Why John Ford Waited So Long To Bring John Wayne Into The Big Leagues
For over a decade of John Wayne's early career, the actor was considered too much of a lightweight to register as the two-fisted lead in a Western or war flick. At 6' 4", you'd think he'd be an imposing presence, but put him in front of a camera and that immaculate face would undo him every time. In his 20s, Wayne was a beautiful man. Not handsome. Beautiful. As /Film's own Jacob Hall recently noted on Twitter, Wayne was such a knockout, the ultra-sophisticated Marlene Dietrich carried on a torrid affair with him before he was a star. Look at a random picture of The Duke from the early 1930s, and he'll melt your retinas.
While being too much of a hunk for Marlene Dietrich to pass up is not exactly a problem, if you're trying to launch a career as a rugged man of the West, having a sun-kissed visage won't get you cast as, say, Wyatt Earp. This is why filmmaker John Ford, who'd worked several times with Wayne in the early- to mid-1930s, held off casting him as a leading man until he was 32.
The weathering of John Wayne
Wayne's breakthrough role arrived in 1939, when he popped as the fugitive Ringo Kid in Ford's "Stagecoach." He still looks awfully young, but the creases are just beginning to show. According to Ronald L. Davis' "Duke: The Life and Image of John Wayne," when the actor's wife, Pilar, asked Ford why he took so long to make her husband a star, Ford bluntly replied, "Duke wasn't ready. He had to develop his skills as an actor... I wanted some pain written on his face to offset the innocence."
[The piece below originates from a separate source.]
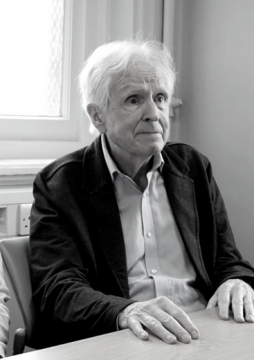 Elderly person seated indoors with window in background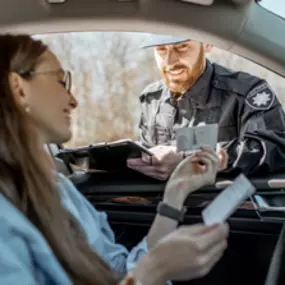 a woman showing a police officer her SR-22 insurance card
Wayne was far from weathered in 1939, but there was a darkness that hadn't been present in his previous performance. As an outlaw hellbent on avenging the murder of his father and brother, he conveys a palpable fury — that is, when he's not romancing Claire Trevor's disgraced sex worker, Dallas. He's a long way from the meek middle manager of a bank who gets utterly devoured by Barbara Stanwyck in the pre-code classic "Baby Face." He was finally ready. And because he refrained from serving his country during World War II, he subsequently turned himself into one of Hollywood's biggest stars while the likes of James Stewart and Henry Fonda were risking their lives overseas.
So while your mental image of Wayne is probably the world-weary ex-soldier Ethan Edwards in Ford's "The Searchers," keep in mind that The Duke was once deemed too pretty to play a cowboy.